Page MenuHomePhabricator

Spike: Figure how best to produce wmf_content.mediawiki_content_current_v1
Closed, ResolvedPublic

Description

wmf_content.mediawiki_content_history_v1 serves as a replacement for wmf.mediawiki_wikitext_history.

In this task we should PoC what a replacement for wmf.mediawiki_wikitext_current looks like.

We hypothesize that it should be easy and cheap to use Iceberg's CDC-like interface to consume changes between from wmf_content.mediawiki_content_history_v1's snapshots.

So we should:

  • Create a new wmf_content.mediawiki_content_current_v1 table.
  • Backfill wmf_content.mediawiki_content_current_v1 with the current revisions.
  • PoC a job that consumes the CDC-like interface (namely create_changelog_view()) and merges into the new wmf_content.mediawiki_content_current_v1.
  • Make sure we document the steps for such a consumption clearly, so that it serves as a example for future users of this interface.
  • More generally, what is the replacement for the wmf.mediawiki_wikitext_current?

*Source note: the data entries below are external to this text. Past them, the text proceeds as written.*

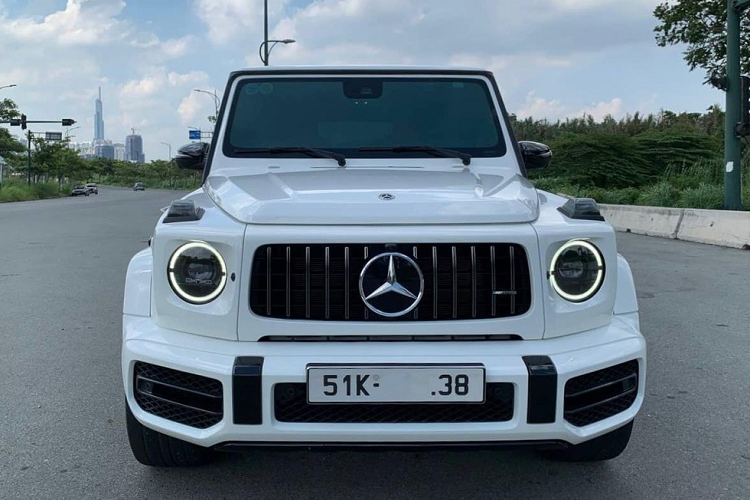 Thông tin Hiền Hồ bán chiếc "SUV vạn người mê" sau khi xuất hiện đã nhận về nhiều sự quan tâm của công chúng. Nhiều người thắc mắc về lý do đằng sau quyết định "chia tay" chiếc SUV Mercedes-AMG G63 sau 2 năm sử dụng của giọng ca "Rồi người thương cũng hóa người dưng".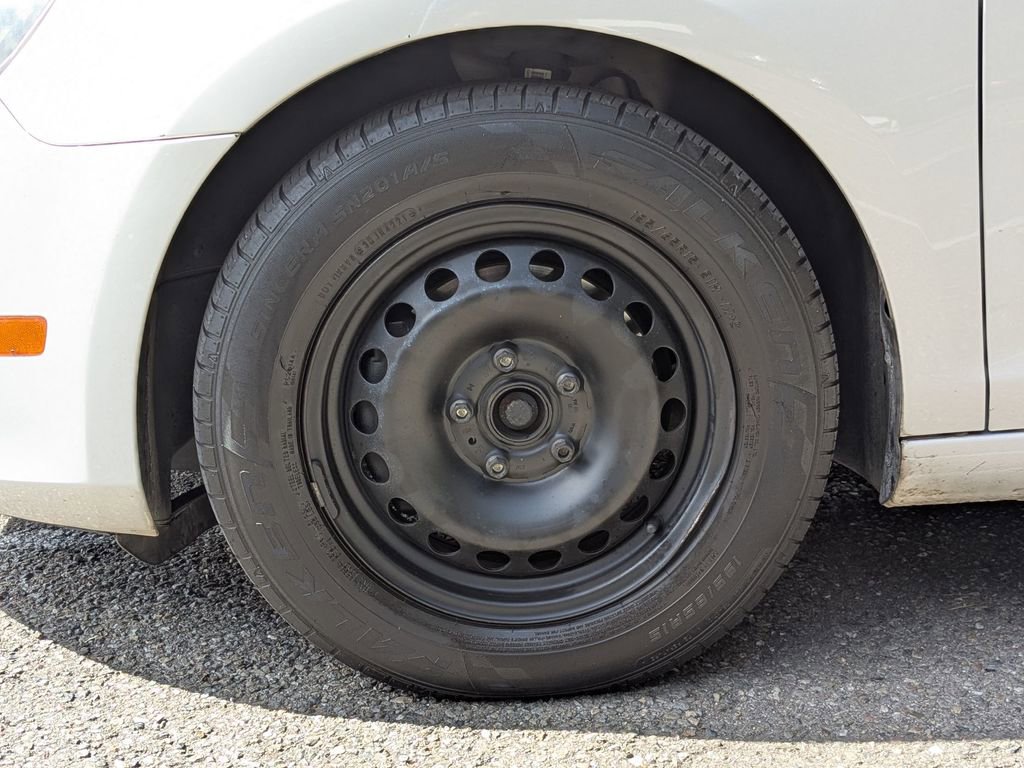 Used 2014 Volkswagen Golf 4-Door image 9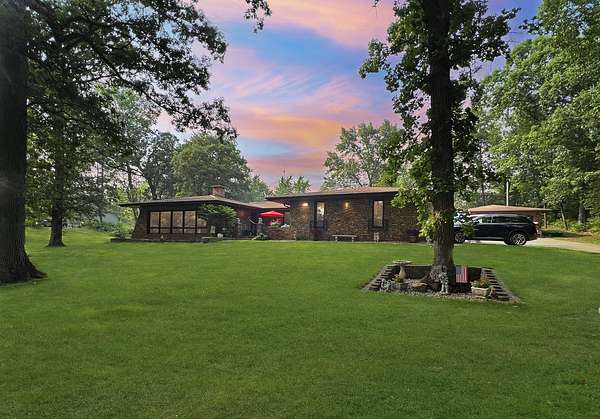 1.69 Acres of Land with Home for Sale in Chicago Heights, Illinois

Although not planned yet, a new version of wmf.mediawiki_wikitext_current is possible as a downstream table from wmf_dumps.wikitext_raw as well. We can, again, just consume wmf_dumps.wikitext_raw in a CDC fashion and SQL MERGE into the new table the changes. This would be a cheap alternative to the current wmf.mediawiki_wikitext_current, which is a separate job that calculates everything every month.


Conclusion: TL;DR: Although interesting, Iceberg's create_changelog_view() is not currently the best mechanism for our use case. We will instead use traditional SQL to calculate changes on the history table compared to the current table via an (optimized) full table scan.

Longer:
I think the best way to move forward here to populate a new wmf_content.mediawiki_content_current_v1 table is to do a full table scan of wmf_content.mediawiki_content_history_v1 via regular SQL to calculate changes and apply them via a MERGE INTO, instead of using the create_changelog_view() mechanism.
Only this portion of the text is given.